• Task to complete: Below are the records; collect from them each line containing the string "Boys".
-*-
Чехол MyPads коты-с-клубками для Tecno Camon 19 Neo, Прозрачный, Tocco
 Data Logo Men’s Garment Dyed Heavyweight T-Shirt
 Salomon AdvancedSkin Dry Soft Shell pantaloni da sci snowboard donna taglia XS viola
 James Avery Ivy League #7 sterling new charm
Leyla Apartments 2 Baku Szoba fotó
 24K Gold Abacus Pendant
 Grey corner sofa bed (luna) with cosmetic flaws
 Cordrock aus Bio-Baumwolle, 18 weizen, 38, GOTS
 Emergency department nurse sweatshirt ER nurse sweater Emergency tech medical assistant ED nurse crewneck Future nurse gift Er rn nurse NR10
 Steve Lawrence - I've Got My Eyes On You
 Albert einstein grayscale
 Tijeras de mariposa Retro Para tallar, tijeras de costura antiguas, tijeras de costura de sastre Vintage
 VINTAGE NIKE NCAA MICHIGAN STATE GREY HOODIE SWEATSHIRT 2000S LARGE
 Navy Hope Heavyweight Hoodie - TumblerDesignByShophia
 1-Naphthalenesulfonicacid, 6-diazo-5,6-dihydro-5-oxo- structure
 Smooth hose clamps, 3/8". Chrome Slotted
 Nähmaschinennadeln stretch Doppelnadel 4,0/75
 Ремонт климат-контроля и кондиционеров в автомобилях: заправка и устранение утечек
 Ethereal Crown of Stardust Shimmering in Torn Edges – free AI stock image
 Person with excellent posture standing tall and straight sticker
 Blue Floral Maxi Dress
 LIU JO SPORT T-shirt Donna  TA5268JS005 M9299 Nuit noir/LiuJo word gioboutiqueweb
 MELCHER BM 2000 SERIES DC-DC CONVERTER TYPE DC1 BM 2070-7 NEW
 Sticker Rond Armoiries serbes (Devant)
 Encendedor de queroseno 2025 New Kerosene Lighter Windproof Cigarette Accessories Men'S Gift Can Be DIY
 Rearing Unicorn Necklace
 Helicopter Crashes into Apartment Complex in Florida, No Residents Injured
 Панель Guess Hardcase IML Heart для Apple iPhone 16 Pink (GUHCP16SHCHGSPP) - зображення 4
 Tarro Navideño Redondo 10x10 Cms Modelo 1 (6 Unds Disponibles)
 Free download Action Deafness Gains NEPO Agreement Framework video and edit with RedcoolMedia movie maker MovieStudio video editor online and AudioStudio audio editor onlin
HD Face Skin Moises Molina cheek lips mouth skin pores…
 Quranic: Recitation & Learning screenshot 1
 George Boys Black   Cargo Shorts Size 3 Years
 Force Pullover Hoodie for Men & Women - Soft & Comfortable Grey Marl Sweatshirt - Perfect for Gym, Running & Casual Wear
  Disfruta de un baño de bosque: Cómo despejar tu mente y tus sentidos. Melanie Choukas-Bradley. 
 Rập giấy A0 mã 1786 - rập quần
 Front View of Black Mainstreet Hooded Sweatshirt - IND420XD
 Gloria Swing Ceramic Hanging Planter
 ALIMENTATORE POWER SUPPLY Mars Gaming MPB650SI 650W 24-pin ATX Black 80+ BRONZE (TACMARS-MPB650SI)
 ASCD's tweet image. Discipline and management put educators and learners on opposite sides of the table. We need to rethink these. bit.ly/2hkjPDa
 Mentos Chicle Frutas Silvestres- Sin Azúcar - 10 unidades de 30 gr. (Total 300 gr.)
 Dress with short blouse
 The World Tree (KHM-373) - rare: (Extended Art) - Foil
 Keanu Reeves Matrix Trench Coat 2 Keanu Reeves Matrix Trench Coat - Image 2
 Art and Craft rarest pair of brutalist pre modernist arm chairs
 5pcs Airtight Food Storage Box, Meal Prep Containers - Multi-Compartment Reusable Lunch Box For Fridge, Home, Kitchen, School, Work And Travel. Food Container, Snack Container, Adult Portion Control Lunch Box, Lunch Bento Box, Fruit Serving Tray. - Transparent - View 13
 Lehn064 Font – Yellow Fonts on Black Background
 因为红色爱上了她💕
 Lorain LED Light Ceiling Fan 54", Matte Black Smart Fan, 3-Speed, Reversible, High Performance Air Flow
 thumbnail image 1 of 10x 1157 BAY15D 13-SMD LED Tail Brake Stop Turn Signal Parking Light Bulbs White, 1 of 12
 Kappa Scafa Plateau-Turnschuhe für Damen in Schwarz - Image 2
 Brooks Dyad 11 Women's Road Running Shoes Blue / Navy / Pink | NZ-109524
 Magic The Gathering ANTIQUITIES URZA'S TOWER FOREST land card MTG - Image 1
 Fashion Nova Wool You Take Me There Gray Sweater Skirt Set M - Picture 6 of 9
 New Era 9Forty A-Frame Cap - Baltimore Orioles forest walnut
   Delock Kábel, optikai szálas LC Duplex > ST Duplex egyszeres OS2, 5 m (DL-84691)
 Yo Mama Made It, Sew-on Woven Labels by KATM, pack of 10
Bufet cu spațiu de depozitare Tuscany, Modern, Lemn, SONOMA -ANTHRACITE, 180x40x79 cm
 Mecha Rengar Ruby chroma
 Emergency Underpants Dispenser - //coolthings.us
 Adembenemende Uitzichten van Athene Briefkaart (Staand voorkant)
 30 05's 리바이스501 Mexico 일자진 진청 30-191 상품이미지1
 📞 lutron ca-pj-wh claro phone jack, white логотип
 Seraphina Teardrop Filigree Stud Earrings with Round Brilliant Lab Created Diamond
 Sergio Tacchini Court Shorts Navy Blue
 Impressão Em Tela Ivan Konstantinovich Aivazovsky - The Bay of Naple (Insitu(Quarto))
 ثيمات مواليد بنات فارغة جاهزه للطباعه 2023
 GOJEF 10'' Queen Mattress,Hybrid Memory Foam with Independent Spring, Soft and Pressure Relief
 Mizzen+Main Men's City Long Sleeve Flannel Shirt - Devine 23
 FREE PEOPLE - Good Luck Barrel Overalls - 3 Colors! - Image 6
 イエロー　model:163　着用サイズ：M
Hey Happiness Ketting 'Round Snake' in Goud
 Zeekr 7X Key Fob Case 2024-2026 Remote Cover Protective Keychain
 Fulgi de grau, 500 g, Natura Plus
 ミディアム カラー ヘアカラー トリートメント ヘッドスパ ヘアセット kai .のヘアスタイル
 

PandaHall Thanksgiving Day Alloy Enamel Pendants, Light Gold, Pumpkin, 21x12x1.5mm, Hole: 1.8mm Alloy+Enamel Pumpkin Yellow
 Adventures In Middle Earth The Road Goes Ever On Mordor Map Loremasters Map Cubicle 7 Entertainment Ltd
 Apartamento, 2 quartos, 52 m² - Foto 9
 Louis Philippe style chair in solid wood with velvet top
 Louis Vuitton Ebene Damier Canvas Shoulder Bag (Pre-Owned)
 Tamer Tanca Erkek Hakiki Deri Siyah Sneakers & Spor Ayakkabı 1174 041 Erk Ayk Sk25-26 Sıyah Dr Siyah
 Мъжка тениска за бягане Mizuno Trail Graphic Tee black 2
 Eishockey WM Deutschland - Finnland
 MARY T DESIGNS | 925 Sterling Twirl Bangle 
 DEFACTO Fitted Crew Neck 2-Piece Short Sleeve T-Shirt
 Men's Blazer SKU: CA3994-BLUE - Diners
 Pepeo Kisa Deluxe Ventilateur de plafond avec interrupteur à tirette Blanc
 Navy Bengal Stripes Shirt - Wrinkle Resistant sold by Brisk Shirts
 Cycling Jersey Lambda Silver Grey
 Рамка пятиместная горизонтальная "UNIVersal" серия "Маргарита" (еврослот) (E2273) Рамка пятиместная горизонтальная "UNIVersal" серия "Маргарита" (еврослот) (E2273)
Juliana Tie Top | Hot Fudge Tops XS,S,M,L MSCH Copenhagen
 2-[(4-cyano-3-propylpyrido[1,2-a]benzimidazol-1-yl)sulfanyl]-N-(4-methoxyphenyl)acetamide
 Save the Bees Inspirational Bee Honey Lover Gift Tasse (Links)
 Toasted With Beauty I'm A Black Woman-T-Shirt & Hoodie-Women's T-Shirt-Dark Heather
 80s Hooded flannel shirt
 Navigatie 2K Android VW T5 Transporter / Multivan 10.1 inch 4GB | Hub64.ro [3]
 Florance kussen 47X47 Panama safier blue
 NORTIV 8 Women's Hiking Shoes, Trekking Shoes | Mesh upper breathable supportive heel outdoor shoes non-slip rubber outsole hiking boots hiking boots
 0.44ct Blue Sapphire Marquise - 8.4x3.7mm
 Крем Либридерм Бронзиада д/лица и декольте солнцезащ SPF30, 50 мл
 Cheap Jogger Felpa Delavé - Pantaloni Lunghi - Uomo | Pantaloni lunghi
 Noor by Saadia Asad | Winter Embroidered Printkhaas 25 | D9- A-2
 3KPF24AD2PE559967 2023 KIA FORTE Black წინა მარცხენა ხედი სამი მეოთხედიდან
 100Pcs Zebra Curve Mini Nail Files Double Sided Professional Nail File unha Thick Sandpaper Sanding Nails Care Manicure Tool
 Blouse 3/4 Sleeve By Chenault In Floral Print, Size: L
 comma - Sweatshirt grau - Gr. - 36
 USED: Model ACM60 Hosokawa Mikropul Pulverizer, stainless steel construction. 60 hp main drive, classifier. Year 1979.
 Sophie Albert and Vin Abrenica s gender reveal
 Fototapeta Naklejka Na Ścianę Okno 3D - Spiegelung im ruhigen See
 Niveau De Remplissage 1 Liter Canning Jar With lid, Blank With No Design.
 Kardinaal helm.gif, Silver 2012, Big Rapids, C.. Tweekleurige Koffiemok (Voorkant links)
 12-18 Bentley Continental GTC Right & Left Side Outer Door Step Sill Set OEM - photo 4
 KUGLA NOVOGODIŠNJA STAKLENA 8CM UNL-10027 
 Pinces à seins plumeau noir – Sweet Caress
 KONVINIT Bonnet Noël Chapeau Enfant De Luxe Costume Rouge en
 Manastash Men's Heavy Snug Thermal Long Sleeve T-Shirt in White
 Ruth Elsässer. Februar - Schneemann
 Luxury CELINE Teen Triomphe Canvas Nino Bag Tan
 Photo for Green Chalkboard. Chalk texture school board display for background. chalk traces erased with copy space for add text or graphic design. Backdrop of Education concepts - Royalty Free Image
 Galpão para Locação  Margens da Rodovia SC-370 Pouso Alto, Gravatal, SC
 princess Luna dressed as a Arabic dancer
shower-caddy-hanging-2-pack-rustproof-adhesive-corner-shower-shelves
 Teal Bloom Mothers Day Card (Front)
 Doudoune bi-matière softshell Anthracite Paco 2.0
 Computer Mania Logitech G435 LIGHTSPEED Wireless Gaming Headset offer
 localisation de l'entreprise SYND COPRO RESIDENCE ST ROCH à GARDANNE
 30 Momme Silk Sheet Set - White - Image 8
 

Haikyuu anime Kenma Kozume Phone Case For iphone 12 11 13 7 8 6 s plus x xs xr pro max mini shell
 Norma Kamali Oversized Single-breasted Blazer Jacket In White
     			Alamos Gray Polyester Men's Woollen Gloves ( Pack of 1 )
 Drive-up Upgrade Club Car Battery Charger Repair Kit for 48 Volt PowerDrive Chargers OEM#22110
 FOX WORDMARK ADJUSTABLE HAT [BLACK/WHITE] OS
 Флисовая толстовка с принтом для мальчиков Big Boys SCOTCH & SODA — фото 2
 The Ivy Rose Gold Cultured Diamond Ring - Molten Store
-*-
• Written solution:
 George Boys Black   Cargo Shorts Size 3 Years
 Флисовая толстовка с принтом для мальчиков Big Boys SCOTCH & SODA — фото 2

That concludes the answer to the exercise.